* TASK DETAILS *
Each entry must be duplicated precisely, with nothing left out.

* PROVIDED MATERIAL *
⟨

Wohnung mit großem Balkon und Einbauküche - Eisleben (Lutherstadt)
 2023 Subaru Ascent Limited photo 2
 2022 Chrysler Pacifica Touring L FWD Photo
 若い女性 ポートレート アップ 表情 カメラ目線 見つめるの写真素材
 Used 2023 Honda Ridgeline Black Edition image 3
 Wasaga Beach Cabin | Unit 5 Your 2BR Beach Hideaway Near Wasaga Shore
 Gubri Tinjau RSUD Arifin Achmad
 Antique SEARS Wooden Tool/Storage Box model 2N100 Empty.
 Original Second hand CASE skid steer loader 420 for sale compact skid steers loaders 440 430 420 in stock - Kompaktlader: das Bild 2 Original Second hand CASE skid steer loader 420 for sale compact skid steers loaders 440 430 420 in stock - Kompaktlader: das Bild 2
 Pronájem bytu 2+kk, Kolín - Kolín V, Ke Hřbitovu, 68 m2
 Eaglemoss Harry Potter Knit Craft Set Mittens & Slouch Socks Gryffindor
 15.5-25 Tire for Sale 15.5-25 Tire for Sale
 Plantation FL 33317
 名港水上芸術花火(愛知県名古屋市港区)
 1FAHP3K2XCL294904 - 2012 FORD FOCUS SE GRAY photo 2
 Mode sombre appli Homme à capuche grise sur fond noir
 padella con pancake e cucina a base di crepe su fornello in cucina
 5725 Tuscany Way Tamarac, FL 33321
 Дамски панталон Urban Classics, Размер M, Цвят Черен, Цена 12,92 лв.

⟩

* SOLUTION TO THIS PROBLEM *
Wohnung mit großem Balkon und Einbauküche - Eisleben (Lutherstadt)
 2023 Subaru Ascent Limited photo 2
 2022 Chrysler Pacifica Touring L FWD Photo
 若い女性 ポートレート アップ 表情 カメラ目線 見つめるの写真素材
 Used 2023 Honda Ridgeline Black Edition image 3
 Wasaga Beach Cabin | Unit 5 Your 2BR Beach Hideaway Near Wasaga Shore
 Gubri Tinjau RSUD Arifin Achmad
 Antique SEARS Wooden Tool/Storage Box model 2N100 Empty.
 Original Second hand CASE skid steer loader 420 for sale compact skid steers loaders 440 430 420 in stock - Kompaktlader: das Bild 2 Original Second hand CASE skid steer loader 420 for sale compact skid steers loaders 440 430 420 in stock - Kompaktlader: das Bild 2
 Pronájem bytu 2+kk, Kolín - Kolín V, Ke Hřbitovu, 68 m2
 Eaglemoss Harry Potter Knit Craft Set Mittens & Slouch Socks Gryffindor
 15.5-25 Tire for Sale 15.5-25 Tire for Sale
 Plantation FL 33317
 名港水上芸術花火(愛知県名古屋市港区)
 1FAHP3K2XCL294904 - 2012 FORD FOCUS SE GRAY photo 2
 Mode sombre appli Homme à capuche grise sur fond noir
 padella con pancake e cucina a base di crepe su fornello in cucina
 5725 Tuscany Way Tamarac, FL 33321
 Дамски панталон Urban Classics, Размер M, Цвят Черен, Цена 12,92 лв.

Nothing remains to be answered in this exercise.